Contribution to School Sport, presented by Olympic bronze medal-winning high jumper Robbie Grabarz and Ian MacGregor, editor of The Sunday Telegraph, went to Malcolm Bailey, a football coach who has dedicated 37 years of his life to Charterhouse School and its sport with passion and enthusiasm.
The Primary School of the Year Award, running for its second year, was presented by Olympic 400m gold and silver medallist Christine Ohuruogo and Shadow Minister for Sport and MP for Eltham, Clive Efford. The title went to Woodlesford Primary School in Leeds, which created the Spirit Alive programme, a multi-skills competitive achievement day which is now being rolled out nationally.
Elmley Castle First School in Pershore, which offers a variety of sports to pupils, was commended; while Pallister Park Primary in Middlesbrough was highly commended for serving one of the most deprived areas in the country, where life expectancy is significantly lower than the national average.
Pallister Park is reversing that trend by putting sport, health and diet at the core of the school’s ethos.
Efford commended the Telegraph’s Keep the Flame Alive campaign, highlighting concerns about the future of school sport. “How do we ensure that the excellence represented here today becomes the norm?” he asked.
“I know many school sports organisers, teachers and partnership development managers are working hard to ensure that sports coaching in schools is of the highest standard and to increase participation as well as encouraging competition.

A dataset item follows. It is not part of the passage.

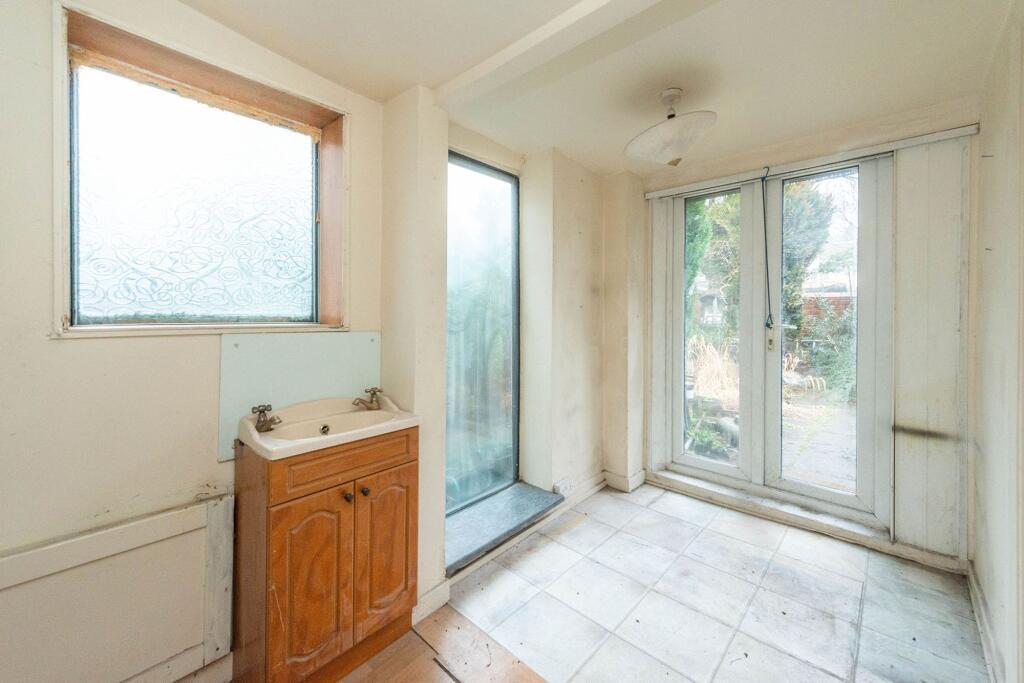 SITTING ROOM KITCHEN AND GARDEN ROOM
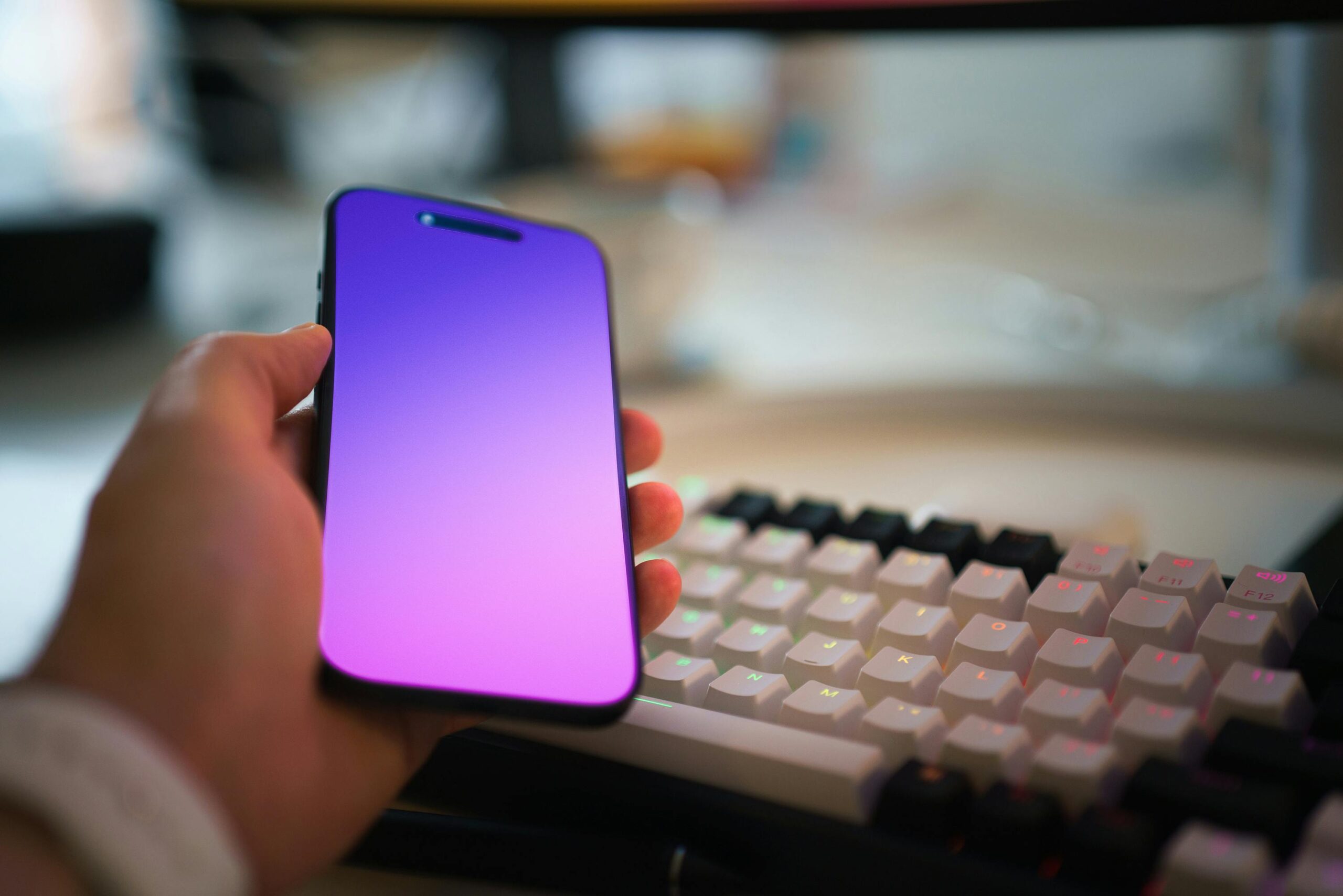 Hand holding a smartphone with a blank purple screen, positioned near a colorful keyboard on a desk.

“But these are challenging times. We have seen nearly 40 per cent of school sport partnerships disappear. Where local authorities, schools and individuals get [funding], sport is thriving.
"But I was extremely concerned to read that Mo Farah’s former PE teacher, Alan Watkinson, has taken to after-dinner speaking to raise money to plug the gap in local sport funding provision.”
Aviva Unsung Hero – presented by Ade Adepitan and Aviva’s global marketing director Jan Gooding – went to Darren Padgett, a former head of PE who founded a sustainable model for investment in sport in Barnsley, supporting schools who otherwise would not be able to provide it. Padgett also spends his time lobbying to protect school sport. In the words of Gooding he is a “total hero”.
So, too, is the swimming team from Warwick School, who swam across the Channel and back to raise £20,000 for a cancer charity. They took the highly commended award.
The School Sports Teacher of the Year award – presented by triple-jump legend Jonathan Edwards and Will Bayley, the individual silver and team bronze Paralympic table tennis champion – went to Liz Neale, who has been committed to the development of sport for disabled children for over 30 years. Liz has been involved in our events programme for decades. She has been committed to bringing many teams to a variety of events every year.
The Team of the Year – awarded by Paralympic sprinter Paul Blake and Harlequins forward Pete Browne – were Dulwich College First XV, who this year won both the St Joseph’s National Schools Rugby Festival and the National Schools Under-18 Cup, an “amazing achievement”, according to Greenwood.
Aviva’s Gooding outlined the importance of the campaign. “The Daily Telegraph remains the only national newspaper to dedicate coverage to school sport,” she said.
“Sport is incredibly important to us at Aviva and we are committed to developing the best of talent from playground to podium. As well as entertaining us with moments of glory and triumph, we are well aware of the health and social benefits of playing sport at school.”
Sunday Telegraph editor MacGregor added: “The collaboration between Aviva and Telegraph Media Group is one we value highly and enables this campaign and awards ceremony to flourish.”